Growing grapevines in the home garden provides quality fruit for many uses, from juice and jellies to wine-making. Proper planting and pruning techniques will keep grapevines producing for many years. The best fruit production starts when the grapes are in their fourth or fifth year of growth.
Determine the use for the grapes you are choosing to grow. Different varieties are grown for different uses. A multipurpose grape, like Steuben, produces a good table grape that can be used for wine making. Select a grape based on use that produces well in your growing area.

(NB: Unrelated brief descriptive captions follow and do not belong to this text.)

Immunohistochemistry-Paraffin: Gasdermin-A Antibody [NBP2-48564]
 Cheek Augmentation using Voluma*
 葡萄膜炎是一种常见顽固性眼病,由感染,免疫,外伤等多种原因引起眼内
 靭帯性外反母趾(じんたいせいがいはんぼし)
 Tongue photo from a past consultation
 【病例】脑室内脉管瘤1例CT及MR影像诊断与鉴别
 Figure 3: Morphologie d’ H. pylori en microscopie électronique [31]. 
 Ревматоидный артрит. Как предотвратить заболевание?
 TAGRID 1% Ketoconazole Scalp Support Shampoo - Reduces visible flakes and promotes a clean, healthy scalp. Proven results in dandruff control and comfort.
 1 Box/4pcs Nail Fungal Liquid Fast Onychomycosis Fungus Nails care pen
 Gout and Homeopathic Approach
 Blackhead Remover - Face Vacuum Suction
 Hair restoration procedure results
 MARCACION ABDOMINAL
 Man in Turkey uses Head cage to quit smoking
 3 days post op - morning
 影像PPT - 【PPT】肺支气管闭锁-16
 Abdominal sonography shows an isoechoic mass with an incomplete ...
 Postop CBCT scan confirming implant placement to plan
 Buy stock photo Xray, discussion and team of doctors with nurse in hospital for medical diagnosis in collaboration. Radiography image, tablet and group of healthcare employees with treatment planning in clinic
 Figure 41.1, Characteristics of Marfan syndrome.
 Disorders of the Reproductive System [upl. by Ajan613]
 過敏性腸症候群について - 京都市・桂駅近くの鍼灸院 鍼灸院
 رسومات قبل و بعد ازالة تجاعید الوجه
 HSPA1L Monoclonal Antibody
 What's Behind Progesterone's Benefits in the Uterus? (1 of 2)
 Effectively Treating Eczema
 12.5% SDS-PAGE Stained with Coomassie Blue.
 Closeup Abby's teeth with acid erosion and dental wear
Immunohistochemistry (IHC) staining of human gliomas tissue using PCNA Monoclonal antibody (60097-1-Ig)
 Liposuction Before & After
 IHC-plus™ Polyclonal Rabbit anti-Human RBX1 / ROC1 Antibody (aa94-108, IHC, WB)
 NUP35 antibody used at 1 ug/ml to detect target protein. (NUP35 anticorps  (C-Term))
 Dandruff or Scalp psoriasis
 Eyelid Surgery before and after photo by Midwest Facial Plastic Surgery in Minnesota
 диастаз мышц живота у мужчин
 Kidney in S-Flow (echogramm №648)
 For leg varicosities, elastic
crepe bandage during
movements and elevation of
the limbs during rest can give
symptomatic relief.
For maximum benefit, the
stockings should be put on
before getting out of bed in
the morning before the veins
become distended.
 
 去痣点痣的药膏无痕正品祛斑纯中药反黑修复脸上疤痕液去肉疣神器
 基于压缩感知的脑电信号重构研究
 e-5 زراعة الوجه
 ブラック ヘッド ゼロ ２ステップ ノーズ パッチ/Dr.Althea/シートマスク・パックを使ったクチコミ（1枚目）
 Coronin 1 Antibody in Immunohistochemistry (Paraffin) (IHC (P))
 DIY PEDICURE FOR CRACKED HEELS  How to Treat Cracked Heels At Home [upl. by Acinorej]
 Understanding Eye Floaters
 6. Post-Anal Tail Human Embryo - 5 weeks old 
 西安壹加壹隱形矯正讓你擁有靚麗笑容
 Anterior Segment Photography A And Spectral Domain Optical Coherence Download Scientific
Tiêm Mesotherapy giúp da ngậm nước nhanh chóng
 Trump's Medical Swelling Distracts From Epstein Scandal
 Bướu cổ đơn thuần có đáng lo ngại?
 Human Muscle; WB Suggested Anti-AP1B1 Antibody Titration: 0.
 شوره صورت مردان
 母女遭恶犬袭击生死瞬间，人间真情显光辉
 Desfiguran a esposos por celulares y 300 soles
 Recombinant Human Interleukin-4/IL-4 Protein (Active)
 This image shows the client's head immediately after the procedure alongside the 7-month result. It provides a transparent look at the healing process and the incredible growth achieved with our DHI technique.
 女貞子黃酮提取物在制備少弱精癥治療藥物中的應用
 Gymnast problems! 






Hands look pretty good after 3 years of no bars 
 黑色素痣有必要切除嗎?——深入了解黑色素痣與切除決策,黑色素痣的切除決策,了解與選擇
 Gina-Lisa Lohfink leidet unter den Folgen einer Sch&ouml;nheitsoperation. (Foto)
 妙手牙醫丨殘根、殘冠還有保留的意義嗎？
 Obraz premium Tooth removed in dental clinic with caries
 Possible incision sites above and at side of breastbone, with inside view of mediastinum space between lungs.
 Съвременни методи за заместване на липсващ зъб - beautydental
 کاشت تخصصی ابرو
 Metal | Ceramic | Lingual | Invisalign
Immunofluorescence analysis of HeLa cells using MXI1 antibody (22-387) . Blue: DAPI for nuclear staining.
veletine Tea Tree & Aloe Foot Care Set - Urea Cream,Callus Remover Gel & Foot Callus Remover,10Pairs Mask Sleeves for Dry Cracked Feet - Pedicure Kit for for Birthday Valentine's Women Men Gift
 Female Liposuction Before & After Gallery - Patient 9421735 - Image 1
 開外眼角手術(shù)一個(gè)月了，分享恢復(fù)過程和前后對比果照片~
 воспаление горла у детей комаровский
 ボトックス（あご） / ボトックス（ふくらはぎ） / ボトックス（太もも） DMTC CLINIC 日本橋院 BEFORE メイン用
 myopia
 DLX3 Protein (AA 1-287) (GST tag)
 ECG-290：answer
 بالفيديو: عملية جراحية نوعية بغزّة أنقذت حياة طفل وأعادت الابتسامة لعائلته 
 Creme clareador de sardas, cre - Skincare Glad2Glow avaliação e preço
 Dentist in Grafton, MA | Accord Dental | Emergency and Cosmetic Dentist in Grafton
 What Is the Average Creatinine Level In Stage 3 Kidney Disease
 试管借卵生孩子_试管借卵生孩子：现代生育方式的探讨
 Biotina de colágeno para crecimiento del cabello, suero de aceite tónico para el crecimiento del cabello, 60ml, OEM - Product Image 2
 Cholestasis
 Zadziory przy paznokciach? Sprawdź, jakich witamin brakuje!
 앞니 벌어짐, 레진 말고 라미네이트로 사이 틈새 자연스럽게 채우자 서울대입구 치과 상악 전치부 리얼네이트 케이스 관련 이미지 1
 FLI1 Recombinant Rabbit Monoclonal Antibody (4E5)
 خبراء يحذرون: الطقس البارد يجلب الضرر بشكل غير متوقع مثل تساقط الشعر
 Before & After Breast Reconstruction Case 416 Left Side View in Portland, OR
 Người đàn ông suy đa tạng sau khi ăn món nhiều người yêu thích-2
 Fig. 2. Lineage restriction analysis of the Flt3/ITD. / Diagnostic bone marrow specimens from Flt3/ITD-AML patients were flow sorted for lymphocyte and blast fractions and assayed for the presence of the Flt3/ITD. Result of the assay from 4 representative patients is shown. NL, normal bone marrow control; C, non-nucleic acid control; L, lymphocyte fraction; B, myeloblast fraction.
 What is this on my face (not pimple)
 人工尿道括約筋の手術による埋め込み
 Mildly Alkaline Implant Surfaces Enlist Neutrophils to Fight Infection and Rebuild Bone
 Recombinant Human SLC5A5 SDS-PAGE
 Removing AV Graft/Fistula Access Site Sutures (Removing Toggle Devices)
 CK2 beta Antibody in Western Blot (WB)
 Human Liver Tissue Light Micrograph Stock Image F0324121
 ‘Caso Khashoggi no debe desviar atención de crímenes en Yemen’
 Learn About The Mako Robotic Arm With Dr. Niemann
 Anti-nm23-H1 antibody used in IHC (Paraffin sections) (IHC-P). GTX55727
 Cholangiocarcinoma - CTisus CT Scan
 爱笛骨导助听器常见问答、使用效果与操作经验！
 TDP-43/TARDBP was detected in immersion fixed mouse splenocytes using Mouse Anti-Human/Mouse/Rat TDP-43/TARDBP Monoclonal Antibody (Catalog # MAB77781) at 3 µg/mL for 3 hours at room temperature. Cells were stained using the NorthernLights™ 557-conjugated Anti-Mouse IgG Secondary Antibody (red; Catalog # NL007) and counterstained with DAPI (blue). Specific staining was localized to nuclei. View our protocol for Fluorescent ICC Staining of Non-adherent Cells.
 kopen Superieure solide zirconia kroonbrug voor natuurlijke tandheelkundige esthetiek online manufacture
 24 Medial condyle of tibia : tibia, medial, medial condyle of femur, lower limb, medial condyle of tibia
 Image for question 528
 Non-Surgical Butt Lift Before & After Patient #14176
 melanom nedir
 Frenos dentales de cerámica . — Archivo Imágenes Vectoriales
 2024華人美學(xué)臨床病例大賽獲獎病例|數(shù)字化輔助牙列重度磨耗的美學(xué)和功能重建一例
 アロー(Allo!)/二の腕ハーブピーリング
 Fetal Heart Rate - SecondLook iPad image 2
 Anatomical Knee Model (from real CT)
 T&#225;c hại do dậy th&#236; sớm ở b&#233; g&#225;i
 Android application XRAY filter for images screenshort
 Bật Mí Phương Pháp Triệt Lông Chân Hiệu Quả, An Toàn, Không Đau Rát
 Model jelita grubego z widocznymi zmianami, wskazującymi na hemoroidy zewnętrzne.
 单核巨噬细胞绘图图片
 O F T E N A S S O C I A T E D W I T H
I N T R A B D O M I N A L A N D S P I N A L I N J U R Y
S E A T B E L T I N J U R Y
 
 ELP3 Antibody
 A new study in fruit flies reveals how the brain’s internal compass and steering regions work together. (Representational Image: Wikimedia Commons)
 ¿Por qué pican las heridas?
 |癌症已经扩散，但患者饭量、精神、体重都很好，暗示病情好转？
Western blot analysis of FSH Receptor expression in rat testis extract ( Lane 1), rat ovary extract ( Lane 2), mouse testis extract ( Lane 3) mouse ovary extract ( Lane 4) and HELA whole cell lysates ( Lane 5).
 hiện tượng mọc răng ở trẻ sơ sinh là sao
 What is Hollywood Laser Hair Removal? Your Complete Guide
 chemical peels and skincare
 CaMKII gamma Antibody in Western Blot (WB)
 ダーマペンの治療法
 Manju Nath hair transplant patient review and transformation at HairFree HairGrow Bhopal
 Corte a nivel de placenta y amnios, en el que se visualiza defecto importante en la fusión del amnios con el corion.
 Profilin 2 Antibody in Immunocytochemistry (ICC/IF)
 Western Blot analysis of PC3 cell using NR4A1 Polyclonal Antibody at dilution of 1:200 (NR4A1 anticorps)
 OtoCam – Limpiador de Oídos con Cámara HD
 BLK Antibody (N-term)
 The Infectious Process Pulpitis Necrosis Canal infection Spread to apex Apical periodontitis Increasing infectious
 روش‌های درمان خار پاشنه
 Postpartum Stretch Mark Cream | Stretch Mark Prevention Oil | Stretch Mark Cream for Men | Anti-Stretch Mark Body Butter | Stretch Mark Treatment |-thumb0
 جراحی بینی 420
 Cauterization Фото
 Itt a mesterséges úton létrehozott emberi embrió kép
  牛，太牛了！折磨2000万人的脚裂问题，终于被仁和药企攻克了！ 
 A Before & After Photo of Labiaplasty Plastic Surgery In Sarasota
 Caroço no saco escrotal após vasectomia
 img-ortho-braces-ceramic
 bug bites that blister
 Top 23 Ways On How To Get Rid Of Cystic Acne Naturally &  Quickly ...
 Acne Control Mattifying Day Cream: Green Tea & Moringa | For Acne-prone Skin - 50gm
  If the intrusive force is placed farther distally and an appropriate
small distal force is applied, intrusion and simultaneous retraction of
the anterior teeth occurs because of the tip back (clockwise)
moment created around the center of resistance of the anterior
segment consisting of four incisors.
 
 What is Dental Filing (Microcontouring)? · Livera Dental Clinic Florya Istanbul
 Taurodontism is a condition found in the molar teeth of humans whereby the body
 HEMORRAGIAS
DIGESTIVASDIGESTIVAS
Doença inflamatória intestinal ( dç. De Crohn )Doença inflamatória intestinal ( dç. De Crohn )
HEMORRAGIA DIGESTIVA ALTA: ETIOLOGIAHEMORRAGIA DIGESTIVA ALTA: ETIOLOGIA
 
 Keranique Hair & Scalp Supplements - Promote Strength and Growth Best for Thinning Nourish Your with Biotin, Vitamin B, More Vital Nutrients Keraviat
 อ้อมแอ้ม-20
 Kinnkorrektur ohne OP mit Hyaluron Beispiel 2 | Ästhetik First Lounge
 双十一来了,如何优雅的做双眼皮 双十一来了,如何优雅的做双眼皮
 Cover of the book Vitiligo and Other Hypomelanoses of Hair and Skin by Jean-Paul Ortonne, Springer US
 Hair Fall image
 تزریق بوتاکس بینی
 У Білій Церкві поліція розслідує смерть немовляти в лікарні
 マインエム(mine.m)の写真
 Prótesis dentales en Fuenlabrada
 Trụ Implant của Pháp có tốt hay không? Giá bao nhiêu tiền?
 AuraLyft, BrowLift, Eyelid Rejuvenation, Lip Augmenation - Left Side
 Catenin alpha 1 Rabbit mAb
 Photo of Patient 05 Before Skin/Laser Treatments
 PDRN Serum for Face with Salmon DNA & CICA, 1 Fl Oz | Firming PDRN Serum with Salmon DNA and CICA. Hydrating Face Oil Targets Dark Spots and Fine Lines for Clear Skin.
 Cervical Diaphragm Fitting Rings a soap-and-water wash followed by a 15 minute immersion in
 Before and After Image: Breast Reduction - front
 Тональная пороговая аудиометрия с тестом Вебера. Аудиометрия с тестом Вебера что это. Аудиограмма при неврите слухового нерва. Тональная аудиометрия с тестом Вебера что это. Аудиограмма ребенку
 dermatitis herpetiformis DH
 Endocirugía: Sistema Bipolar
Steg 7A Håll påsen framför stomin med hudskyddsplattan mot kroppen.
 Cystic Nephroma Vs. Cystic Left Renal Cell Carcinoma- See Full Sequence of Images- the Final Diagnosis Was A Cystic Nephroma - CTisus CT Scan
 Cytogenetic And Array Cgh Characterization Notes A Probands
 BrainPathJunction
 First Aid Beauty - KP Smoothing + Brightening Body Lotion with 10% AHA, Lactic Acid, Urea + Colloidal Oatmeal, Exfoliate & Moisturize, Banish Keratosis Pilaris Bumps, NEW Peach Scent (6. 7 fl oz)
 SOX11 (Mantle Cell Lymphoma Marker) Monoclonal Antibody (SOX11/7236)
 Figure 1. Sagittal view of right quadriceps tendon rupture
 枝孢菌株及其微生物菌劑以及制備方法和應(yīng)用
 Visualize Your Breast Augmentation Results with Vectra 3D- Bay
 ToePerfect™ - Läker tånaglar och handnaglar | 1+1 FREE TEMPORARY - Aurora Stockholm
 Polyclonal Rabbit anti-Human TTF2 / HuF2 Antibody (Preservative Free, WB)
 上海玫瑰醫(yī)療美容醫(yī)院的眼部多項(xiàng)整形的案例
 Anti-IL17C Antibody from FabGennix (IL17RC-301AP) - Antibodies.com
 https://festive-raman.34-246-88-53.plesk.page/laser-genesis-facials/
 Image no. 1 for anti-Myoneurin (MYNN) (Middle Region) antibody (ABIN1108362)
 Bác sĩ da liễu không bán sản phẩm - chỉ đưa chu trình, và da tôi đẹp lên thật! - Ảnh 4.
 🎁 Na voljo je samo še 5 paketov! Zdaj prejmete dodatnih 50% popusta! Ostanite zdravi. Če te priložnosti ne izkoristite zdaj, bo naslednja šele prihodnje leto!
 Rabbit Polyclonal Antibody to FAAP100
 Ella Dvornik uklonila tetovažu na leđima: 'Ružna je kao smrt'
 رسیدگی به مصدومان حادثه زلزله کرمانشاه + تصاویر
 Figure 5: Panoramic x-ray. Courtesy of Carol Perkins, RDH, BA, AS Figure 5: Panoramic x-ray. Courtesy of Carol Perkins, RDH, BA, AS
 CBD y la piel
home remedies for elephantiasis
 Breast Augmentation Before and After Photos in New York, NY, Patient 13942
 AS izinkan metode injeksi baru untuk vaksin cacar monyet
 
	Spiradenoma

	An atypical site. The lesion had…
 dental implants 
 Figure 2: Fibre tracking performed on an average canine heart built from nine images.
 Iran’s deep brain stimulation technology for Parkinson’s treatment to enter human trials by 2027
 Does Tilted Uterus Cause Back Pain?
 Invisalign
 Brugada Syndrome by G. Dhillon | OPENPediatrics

Plant in a site which receives full sunlight for at least 8 hours per day. The soil must provide good drainage and be free from weeds. Add a 10-10-10 fertilizer throughout the entire growing area and till to a depth of at least 12 inches. Dig a large enough hole so you can easily spread out the roots when planting the grapevines.
Plant the grapevines in early spring so they establish a healthy root system before the growing season ends. Plant root stock 6 to 8 feet apart in rows running north and south, according to Oregon State University, to ensure that the grapevines receive the full benefits of the sun. Drive a support stake into the ground near the trunk of each grapevine. This stake is the start of the support trellis for the vines.
Prune the newly planted grapevines back to a single cane which contains two buds. The two buds will grow into canes. Water the grapevines daily until they become established in the vineyard. Allow the grapevines to grow vigorously throughout the growing season.
Top off the grapevine trunk with mulch the first season to get ready for winter, and remove any suckers growing from the main trunk. Prune the grapevines in the fall, each consecutive year, to create either a 2- or 4-cane growing system. Prune each cane back to two shoots and secure them to the trellis. Grapes are produced during the following year's growth.